===== TASK INPUTS =====

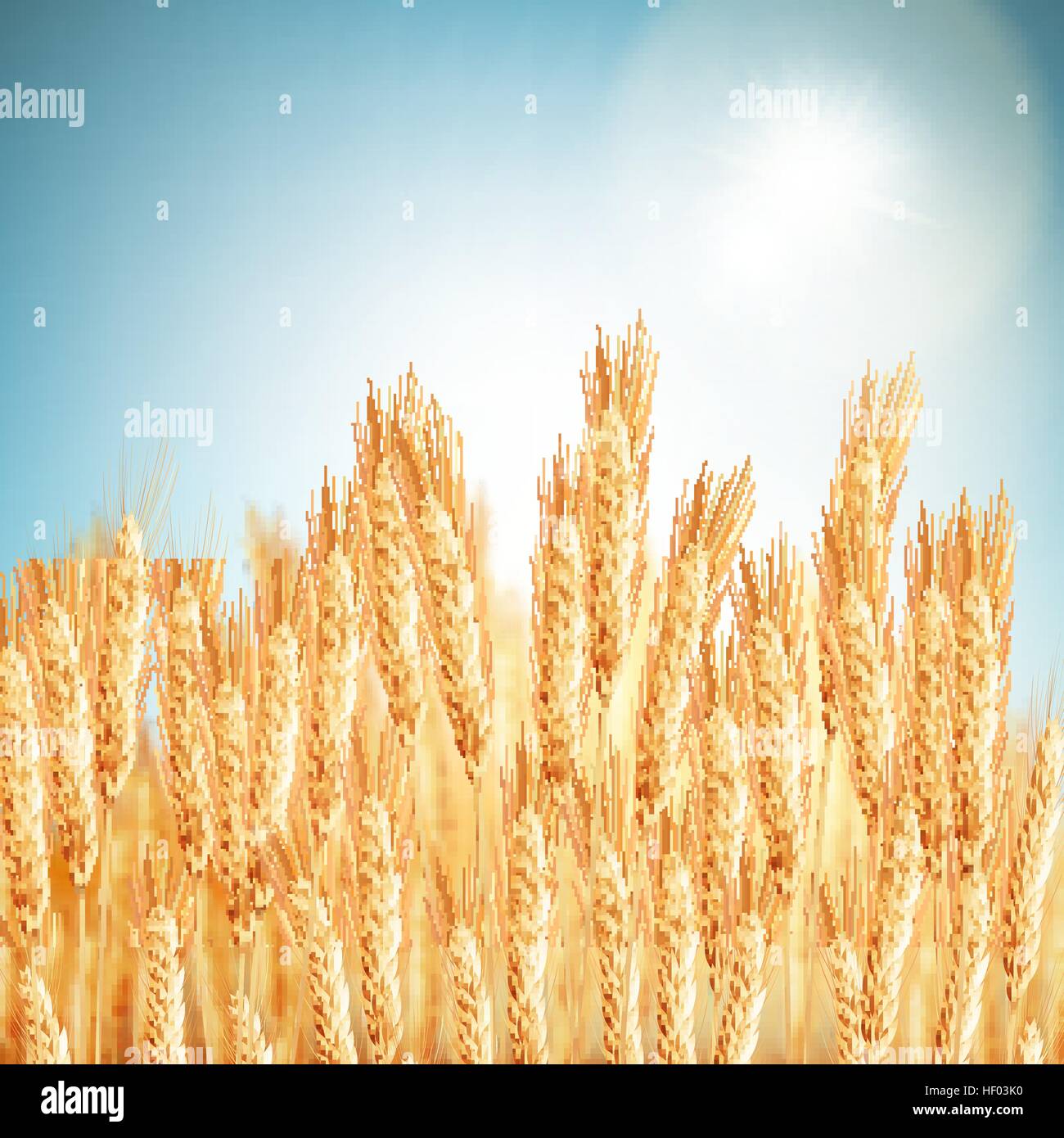 Golden wheat field and sunny day. EPS 10 Stock Vector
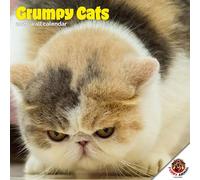 Dayplanner Publishing Grumpy Cats Calendar 2026, Large Square Wall Calendar, 16 Month, Grumpy Cats Gift Animal Calendar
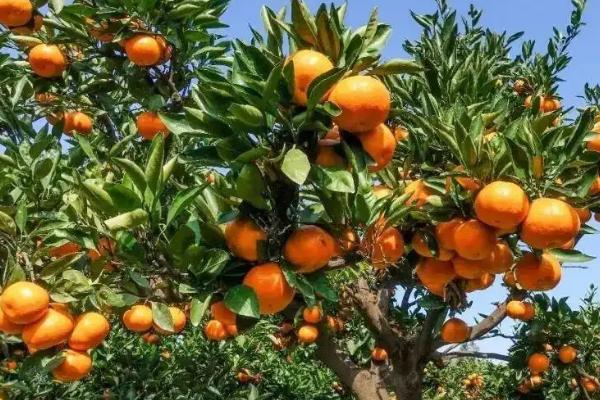 水分和温度哪个对柑橘影响大，柑橘常见的病虫害有哪些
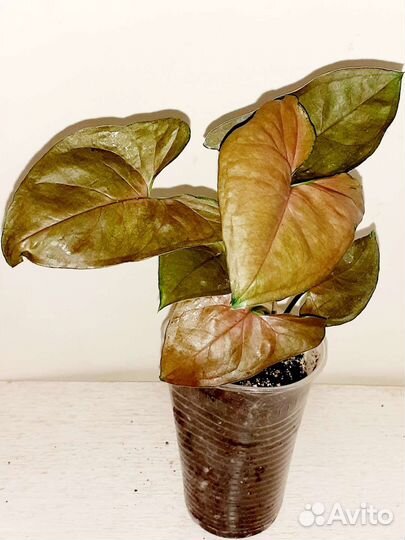 Сингониумы сортовые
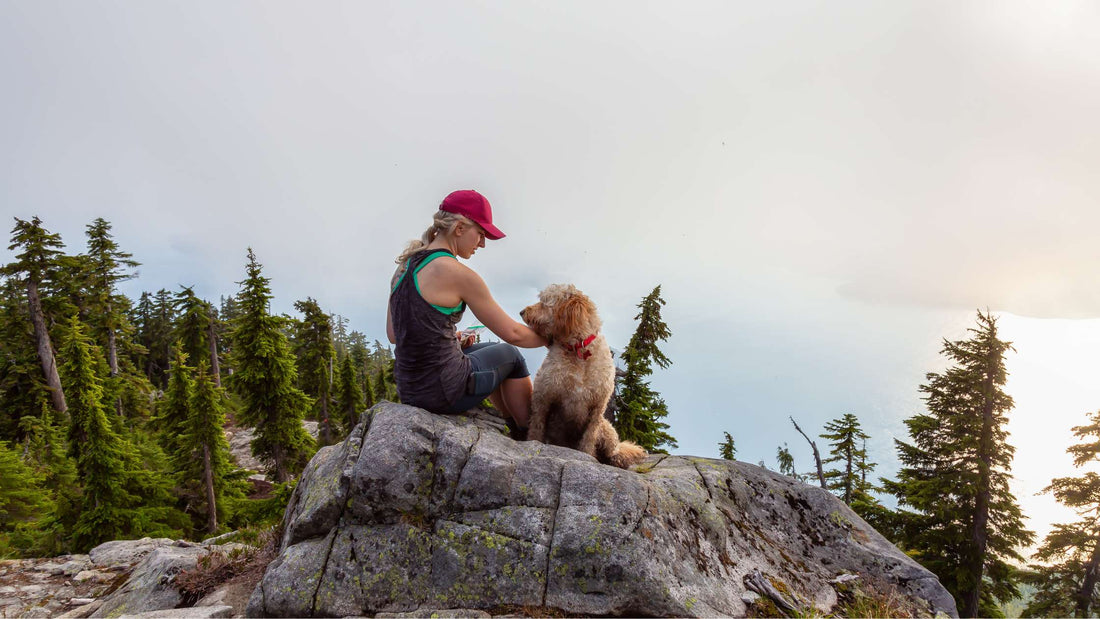 Best Dog-Friendly Vacation Spots in the US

=====

TASK PROMPT: In the copy, leave out all pictures, and retype exactly each line from the one with "Dayplanner Publishing Grumpy" through the last line of the entries.

THE COMPLETED TASK:
 Dayplanner Publishing Grumpy Cats Calendar 2026, Large Square Wall Calendar, 16 Month, Grumpy Cats Gift Animal Calendar
 水分和温度哪个对柑橘影响大，柑橘常见的病虫害有哪些
 Сингониумы сортовые
 Best Dog-Friendly Vacation Spots in the US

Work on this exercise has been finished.